I arrived in Montreal and let's say its so good to be home. To walk down the corridor of my old apartment, sleep on that sinkable marshmellow sofa, listen to the Quebecois, go through the motions of catching the metro and buses like I did everyday for school... it's a great homecoming feeling.
I arrived after a shitty bus ride that made me convinced never to take a greyhound bus again. I've had some bad experiences with them, and we were delayed, which is to be expected when crossing the boarder between Canada and the US. How I miss the Franco-Swiss boarder crossings where you, more often than not, don't even show your passport. Now that's a boarder crossing!
My life is exhausting me. I feel myself aging ridiculously (and no, it's not just my recent birthday that's making me say this). I am so tired but also, ready for more. What a paradox I am! I am the definitive Gemini. I want to stay home, I want to study, I want to work but I find myself checking out buses to Baltimore, flights to Istanbul, hostels in Warsaw and hotel deals in Rome.
On my many sleepless hours on the bus, I began to think about why I keep doing this to myself. I didn't come up with an answer. Perhaps I'm just never happy, never satisfied, and feel the need to run away.
When people hear about my life, the fact that I am 21 and have already been to 23 countries, that I average more than one flight per month and that I do it, for the most part, on my own, they comment on how brave I am. I don't agree with them. I am not brave. I am the opposite of brave. Brave would be staying somewhere, brave would be fighting for what I want. Personally, I feel that I have just taken the easy way out.

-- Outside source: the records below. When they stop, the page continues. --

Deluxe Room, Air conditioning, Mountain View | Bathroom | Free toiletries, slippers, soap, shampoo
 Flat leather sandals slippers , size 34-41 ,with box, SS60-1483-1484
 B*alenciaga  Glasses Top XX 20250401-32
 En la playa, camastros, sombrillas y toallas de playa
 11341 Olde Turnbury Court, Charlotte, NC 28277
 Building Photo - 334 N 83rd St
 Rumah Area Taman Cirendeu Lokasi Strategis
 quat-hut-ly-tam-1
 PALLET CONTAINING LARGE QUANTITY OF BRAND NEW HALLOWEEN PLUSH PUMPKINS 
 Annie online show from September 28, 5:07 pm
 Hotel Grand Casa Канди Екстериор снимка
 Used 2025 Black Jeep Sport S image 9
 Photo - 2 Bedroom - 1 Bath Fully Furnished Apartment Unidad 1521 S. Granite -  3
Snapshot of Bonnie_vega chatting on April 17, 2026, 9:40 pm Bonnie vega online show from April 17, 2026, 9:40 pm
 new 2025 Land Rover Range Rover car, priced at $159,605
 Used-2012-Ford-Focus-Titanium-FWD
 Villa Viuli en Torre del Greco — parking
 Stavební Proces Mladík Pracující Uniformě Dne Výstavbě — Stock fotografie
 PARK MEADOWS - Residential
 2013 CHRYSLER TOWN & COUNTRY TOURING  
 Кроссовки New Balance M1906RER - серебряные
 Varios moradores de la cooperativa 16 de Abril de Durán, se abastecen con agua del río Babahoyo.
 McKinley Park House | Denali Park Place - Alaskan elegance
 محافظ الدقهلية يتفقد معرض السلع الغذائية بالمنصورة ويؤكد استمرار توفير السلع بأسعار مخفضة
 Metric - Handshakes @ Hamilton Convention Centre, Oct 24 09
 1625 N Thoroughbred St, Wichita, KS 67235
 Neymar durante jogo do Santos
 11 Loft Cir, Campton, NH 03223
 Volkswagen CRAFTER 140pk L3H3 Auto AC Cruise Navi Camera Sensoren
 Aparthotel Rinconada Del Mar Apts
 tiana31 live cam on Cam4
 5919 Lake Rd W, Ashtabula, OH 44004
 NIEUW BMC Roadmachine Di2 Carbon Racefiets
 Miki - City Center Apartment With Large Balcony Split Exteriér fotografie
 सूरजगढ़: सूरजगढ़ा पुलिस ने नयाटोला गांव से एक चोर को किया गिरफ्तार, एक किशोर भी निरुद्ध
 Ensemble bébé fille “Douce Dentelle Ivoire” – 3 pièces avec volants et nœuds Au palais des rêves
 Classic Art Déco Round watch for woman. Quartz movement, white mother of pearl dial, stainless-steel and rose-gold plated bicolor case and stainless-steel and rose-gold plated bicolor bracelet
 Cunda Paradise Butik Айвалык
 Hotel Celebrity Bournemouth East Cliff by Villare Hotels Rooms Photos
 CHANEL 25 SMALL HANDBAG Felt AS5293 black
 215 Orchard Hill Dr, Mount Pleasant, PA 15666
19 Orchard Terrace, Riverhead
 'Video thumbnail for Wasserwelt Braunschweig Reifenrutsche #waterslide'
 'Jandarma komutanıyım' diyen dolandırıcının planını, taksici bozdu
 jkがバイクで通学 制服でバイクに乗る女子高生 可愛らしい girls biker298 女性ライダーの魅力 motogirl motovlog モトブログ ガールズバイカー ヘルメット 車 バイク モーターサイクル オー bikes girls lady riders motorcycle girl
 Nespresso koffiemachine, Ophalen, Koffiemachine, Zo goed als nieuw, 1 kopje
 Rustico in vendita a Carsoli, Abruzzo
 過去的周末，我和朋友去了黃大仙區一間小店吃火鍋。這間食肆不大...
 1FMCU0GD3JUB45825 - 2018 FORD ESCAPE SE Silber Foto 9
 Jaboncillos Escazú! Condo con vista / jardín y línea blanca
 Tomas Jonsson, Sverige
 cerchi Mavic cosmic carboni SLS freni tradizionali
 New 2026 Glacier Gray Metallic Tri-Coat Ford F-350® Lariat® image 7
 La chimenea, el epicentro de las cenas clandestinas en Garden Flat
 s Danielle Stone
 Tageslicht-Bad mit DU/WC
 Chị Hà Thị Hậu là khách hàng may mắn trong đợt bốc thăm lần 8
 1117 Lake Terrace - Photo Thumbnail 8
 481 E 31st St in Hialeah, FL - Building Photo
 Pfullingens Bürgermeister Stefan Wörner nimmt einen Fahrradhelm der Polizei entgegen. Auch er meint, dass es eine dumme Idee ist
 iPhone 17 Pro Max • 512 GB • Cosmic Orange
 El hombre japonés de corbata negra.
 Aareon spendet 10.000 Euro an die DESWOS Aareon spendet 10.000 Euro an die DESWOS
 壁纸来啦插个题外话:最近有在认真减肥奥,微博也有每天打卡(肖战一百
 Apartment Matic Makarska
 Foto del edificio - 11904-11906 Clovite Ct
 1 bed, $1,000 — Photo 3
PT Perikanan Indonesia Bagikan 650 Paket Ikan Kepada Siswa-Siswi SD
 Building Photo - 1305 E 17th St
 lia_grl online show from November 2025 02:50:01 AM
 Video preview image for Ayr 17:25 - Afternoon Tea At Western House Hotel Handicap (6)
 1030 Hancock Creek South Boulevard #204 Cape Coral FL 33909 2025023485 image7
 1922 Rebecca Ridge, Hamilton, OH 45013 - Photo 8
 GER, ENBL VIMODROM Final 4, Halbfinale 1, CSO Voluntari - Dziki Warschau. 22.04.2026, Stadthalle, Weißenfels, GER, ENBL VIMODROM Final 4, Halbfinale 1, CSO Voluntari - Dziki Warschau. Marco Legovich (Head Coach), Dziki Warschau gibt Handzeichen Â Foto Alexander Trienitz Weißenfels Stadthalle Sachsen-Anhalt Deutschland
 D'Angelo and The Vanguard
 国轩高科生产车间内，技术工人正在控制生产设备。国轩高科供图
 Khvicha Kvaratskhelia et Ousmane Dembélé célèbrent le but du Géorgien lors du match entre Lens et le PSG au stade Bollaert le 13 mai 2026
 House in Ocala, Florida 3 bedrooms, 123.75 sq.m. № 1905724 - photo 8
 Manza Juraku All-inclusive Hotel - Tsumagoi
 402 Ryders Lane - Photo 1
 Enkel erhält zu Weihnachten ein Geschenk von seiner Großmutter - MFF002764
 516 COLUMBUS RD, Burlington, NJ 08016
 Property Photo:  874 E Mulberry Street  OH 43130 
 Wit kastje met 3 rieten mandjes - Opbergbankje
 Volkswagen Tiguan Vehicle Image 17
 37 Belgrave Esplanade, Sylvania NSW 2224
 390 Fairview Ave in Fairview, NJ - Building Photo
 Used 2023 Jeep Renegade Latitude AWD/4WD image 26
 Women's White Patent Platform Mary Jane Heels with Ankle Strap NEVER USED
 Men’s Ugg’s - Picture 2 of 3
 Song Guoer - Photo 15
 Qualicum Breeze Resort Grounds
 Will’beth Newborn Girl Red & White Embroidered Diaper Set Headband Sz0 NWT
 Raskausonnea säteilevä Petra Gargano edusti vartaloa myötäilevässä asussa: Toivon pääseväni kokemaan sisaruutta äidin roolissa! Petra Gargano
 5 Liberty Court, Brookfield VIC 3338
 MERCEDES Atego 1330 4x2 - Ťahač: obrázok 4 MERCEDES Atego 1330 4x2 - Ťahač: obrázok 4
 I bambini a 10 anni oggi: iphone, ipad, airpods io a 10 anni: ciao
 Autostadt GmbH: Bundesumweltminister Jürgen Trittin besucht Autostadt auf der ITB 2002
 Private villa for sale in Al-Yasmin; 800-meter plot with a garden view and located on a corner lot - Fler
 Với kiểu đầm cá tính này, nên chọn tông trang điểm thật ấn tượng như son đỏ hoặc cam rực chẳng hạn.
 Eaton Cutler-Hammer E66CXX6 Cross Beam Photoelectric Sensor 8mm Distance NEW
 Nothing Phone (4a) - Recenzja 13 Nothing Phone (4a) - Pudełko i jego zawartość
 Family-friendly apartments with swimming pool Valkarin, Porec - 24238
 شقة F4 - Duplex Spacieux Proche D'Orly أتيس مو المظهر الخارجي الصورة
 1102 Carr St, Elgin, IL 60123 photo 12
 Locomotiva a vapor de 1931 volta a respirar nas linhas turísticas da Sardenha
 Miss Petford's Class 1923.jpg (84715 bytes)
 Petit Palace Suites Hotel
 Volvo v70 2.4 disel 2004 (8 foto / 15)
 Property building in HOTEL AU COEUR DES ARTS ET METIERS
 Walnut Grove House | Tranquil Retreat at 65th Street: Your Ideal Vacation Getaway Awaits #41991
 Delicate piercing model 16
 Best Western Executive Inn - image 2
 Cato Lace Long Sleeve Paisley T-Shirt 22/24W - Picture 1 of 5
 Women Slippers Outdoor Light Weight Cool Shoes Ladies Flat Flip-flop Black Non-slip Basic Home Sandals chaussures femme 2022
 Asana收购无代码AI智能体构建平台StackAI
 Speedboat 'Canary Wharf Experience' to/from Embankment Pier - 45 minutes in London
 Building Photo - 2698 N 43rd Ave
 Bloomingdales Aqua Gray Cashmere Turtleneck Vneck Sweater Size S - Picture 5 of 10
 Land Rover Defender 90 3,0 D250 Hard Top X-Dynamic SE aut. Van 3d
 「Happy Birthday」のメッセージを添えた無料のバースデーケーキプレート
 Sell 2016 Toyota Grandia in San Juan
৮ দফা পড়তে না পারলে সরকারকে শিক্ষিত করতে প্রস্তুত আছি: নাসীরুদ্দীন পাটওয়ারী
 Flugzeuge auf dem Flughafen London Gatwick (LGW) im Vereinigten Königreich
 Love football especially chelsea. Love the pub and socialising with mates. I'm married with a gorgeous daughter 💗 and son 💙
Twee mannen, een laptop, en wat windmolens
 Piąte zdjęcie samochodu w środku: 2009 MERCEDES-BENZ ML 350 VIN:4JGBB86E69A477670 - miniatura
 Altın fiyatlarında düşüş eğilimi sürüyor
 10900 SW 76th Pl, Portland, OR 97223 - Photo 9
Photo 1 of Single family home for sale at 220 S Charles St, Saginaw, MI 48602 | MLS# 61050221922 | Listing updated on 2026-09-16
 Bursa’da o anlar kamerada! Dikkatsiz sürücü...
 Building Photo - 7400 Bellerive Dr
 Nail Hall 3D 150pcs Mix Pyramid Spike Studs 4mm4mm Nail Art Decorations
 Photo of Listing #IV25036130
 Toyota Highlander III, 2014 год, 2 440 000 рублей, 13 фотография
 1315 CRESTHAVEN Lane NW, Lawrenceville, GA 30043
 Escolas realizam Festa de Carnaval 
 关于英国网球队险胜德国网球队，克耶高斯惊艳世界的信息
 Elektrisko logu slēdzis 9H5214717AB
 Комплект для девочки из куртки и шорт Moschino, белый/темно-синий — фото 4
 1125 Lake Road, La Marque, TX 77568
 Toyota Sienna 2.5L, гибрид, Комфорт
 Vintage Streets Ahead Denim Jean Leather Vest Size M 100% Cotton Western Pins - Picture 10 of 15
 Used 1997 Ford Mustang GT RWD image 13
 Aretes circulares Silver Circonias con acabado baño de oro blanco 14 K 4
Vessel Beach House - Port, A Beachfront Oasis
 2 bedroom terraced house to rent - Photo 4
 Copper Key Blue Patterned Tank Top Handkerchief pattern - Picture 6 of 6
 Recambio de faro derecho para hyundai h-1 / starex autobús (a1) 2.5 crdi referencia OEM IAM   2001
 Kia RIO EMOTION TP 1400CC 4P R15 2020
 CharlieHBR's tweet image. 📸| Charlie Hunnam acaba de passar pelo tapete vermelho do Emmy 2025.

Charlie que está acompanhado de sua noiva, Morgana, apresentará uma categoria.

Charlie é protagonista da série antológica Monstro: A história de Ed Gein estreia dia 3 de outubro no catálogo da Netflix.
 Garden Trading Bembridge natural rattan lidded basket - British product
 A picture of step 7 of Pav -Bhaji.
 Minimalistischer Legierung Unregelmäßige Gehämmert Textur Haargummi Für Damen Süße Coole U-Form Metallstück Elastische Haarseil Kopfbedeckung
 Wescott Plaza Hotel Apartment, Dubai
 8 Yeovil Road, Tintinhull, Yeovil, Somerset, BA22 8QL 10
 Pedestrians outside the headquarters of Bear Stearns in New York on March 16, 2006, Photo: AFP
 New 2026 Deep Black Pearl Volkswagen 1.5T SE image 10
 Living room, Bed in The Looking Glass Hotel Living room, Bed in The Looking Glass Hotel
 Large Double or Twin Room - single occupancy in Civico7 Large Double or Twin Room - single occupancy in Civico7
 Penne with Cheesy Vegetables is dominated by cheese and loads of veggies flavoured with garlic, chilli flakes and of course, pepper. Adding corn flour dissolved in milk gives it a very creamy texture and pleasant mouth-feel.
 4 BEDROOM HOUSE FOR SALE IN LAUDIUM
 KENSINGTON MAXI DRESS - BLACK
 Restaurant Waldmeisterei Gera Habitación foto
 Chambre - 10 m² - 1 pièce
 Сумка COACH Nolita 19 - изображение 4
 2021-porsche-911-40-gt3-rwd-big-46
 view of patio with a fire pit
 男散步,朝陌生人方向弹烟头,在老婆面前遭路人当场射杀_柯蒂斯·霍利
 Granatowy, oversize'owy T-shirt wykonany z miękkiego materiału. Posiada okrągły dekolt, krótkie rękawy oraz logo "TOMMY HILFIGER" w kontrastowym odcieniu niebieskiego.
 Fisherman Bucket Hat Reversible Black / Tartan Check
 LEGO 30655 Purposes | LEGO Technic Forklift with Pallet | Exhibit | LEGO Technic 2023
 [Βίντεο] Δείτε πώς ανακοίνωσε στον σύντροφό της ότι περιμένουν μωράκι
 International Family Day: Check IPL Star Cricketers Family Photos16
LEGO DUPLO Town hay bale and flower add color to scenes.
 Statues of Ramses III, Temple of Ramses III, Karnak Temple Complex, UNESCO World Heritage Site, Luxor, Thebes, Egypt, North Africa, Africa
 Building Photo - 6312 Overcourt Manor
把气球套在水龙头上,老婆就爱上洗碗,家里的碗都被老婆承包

I have friends who moved abroad and started to make a life not even knowing the language, getting jobs, getting degrees and getting papers. That is brave. Me; what have I done? The most I've staying in one place in the last year is 4 months. Not quite - an even 16 weeks! I didn't even make the commitment to study here for a year. When I didn't get the internship I wanted in New York, I took the easy way and stayed in France. Well, the EASIER way - moving to France was not easy. But I didn't even have a real life there. I had a crazy half-life that was bound to end on May 30th. That's not brave. Brave is doing something when you don't know what will happen. I know what will happen. There was a BA flight waiting for me in Paris. That's not brave.
Sitting on the bus I thought of this and how I tend to run away when things get too hard. Staying in the US became too hard, too stressful, so I hopped on a bus to Canada. So I jumped the border. What about having my entire summer planned out? That's not brave. Not at all.
When people say I'm brave I smile politely. In reality, I'm the opposite of brave. I am stupid and naive and nothing about me is brave.
And although I wish I was braver, and stronger, and prettier and more outgoing and a million other things that I'm not, I find comfort in the fact that everyone feels like this sometimes. And although I hate it sometimes, I love that I don't just have one life, I have a multitude of lives that I jump in and out of- I have my Australian life, my Polish life, my French life, my Canadian life, my travel life, my Europe life, my America life. I get to live a plethora of lives simultaneously - that's the only way to look at it. And, let's face it, that's as close to immortality as I can dream of.